I noticed that my hard drives in my Ubuntu server was not spinning down after being idle and thus I needed a way to monitor their power states and to verify through trial and error if any of my attempts is working or not. Enter Prometheus to the rescue!
I will be following this guide to start with.
This article will cover the following:
- Install Prometheus on Ubuntu 20.04.
- Configure Prometheus to be run as a systemd service.
- Securing Prometheus with basic authentication and TLS.
- Install Prometheus Node Exporter and run it as a systemd service.
- Enable the textfile collector and write our first script to output metrics.
- Use the community provided smartmon script. [I ended up not trusting this in the end].
- Roll my own script that uses openSeaChest to output metrics.
Prerequisites
- Update system.
$ sudo apt update && sudo apt upgrade
# Optionally remove packages no longer used
$ sudo apt autoremove
- Create required directories.
$ sudo mkdir -p /etc/prometheus
$ sudo mkdir -p /var/lib/prometheus
- Check what is the latest Linux release from: https://prometheus.io/download/ and copy the link.
Download and Install
- Download and extract.
$ wget https://github.com/prometheus/prometheus/releases/download/v2.34.0/prometheus-2.34.0.linux-amd64.tar.gz
$ tar -xvf prometheus-2.34.0.linux-amd64.tar.gz
- Copy the binaries and other files into place.
$ cd prometheus-2.34.0.linux-amd64
$ sudo cp prometheus promtool /usr/local/bin/
$ sudo cp -r consoles/ console_libraries/ /etc/prometheus/
$ sudo cp prometheus.yml /etc/prometheus/prometheus.yml
- Verify.
$ cd ~
$ prometheus --version
prometheus, version 2.34.0 (branch: HEAD, revision: 881111fec4332c33094a6fb2680c71fffc427275)
build user: root@121ad7ea5487
build date: 20220315-15:18:00
go version: go1.17.8
platform: linux/amd64
$ promtool --version
promtool, version 2.34.0 (branch: HEAD, revision: 881111fec4332c33094a6fb2680c71fffc427275)
build user: root@121ad7ea5487
build date: 20220315-15:18:00
go version: go1.17.8
platform: linux/amd64
Configure permissions
- Create a group and user specifically to be used by Prometheus
$ sudo groupadd --system prometheus
$ sudo useradd -s /sbin/nologin --system -g prometheus prometheus
- Set permissions.
$ sudo chown -R prometheus:prometheus /etc/prometheus/ /var/lib/prometheus/
$ sudo chmod -R 775 /etc/prometheus/ /var/lib/prometheus/
Configure Prometheus to be run as a systemd service
- Create the .service file
$ sudo vi /etc/systemd/system/prometheus.service
# Add the following
[Unit]
Description=Prometheus
Wants=network-online.target
After=network-online.target
[Service]
User=prometheus
Group=prometheus
Restart=always
Type=simple
ExecStart=/usr/local/bin/prometheus \
--config.file=/etc/prometheus/prometheus.yml \
--storage.tsdb.path=/var/lib/prometheus/ \
--web.console.templates=/etc/prometheus/consoles \
--web.console.libraries=/etc/prometheus/console_libraries \
--web.listen-address=0.0.0.0:9090
[Install]
WantedBy=multi-user.target
I would recommend you first check which ports are already in use and assign maybe a less obvious port number.

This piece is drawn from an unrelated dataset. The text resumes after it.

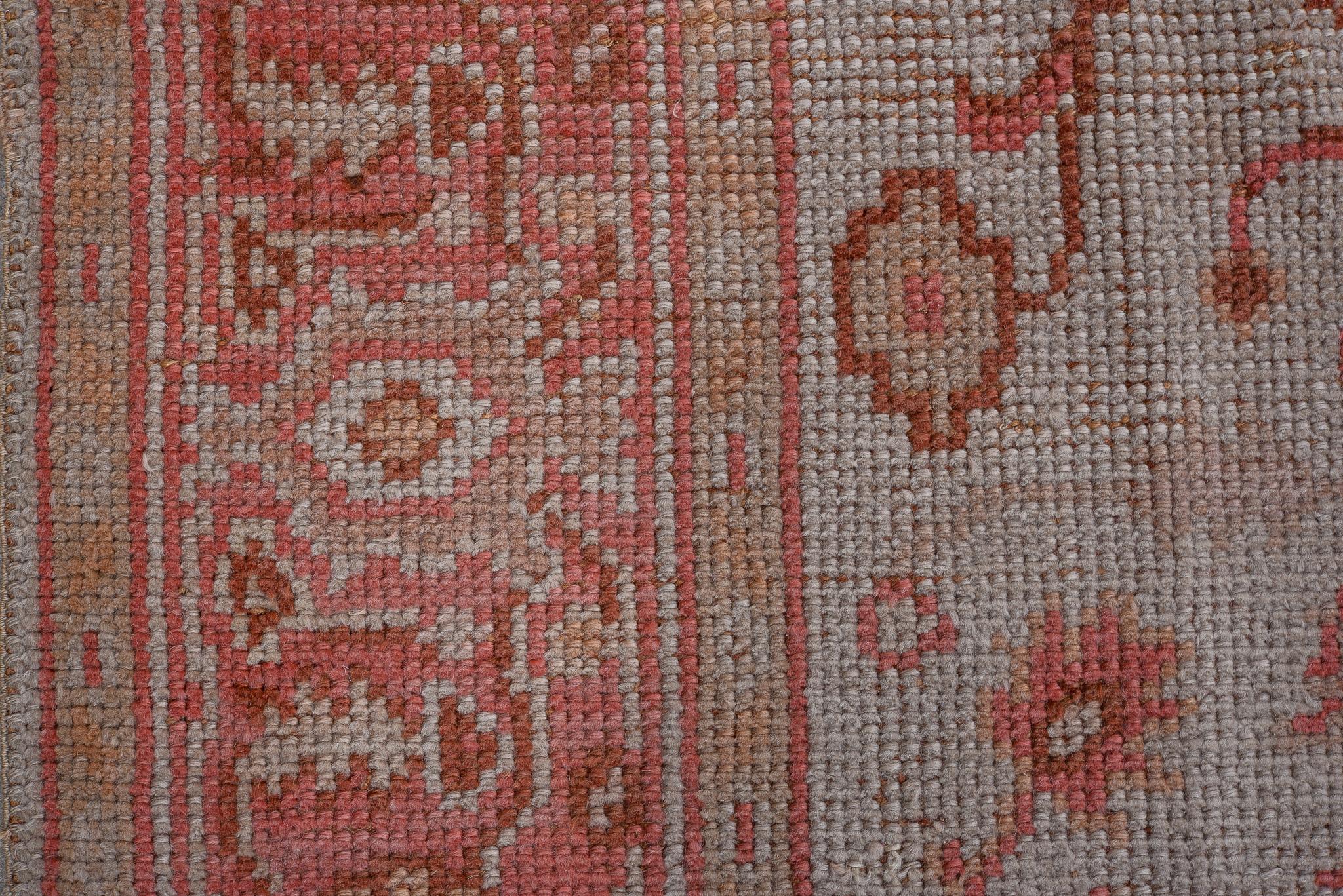 Turco Medaglione centrale floreale rosso e rosso rosa in vendita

To see what ports are being used to listen on, run netstat -tulpn | grep LISTEN
- Edit the file
/etc/prometheus/prometheus.yml
to suit your purposes. - Enable the service to start at boot.
$ sudo systemctl enable prometheus
- Start Prometheus and verify.
$ sudo systemctl start prometheus
$ sudo systemctl status prometheus
...
● prometheus.service - Prometheus
Loaded: loaded (/etc/systemd/system/prometheus.service; enabled; vendor preset: enabled)
Active: active (running) since Tue 2022-03-22 16:34:37 UTC; 15s ago
Main PID: 57191 (prometheus)
Tasks: 10 (limit: 76945)
Memory: 19.4M
Allow access from firewall
I use UFW so will allow access to the service only from the specific NIC and ip-port.
# Get the name of the NIC to use
$ ip a
...
2: enp2s0: <BROADCAST,MULTICAST,UP,LOWER_UP> ...
# port 9090 here is what prometheus was configured on
$ sudo ufw allow in on enp2s0 proto tcp to 192.168.x.x port 9090
- Open the dashboard in your browser (e.g. http://192.168.x.x:9090)
Securing Prometheus
Next I will be setting up Basic Auth following the official guide.
- Generate a password hash using bcrypt. For this we need to install python3-bcrypt.
$ sudo apt install python3-bcrypt
- Create a script called
gen-bcrypt-password.py
.
import getpass
import bcrypt
password = getpass.getpass("password: ")
hashed_password = bcrypt.hashpw(password.encode("utf-8"), bcrypt.gensalt())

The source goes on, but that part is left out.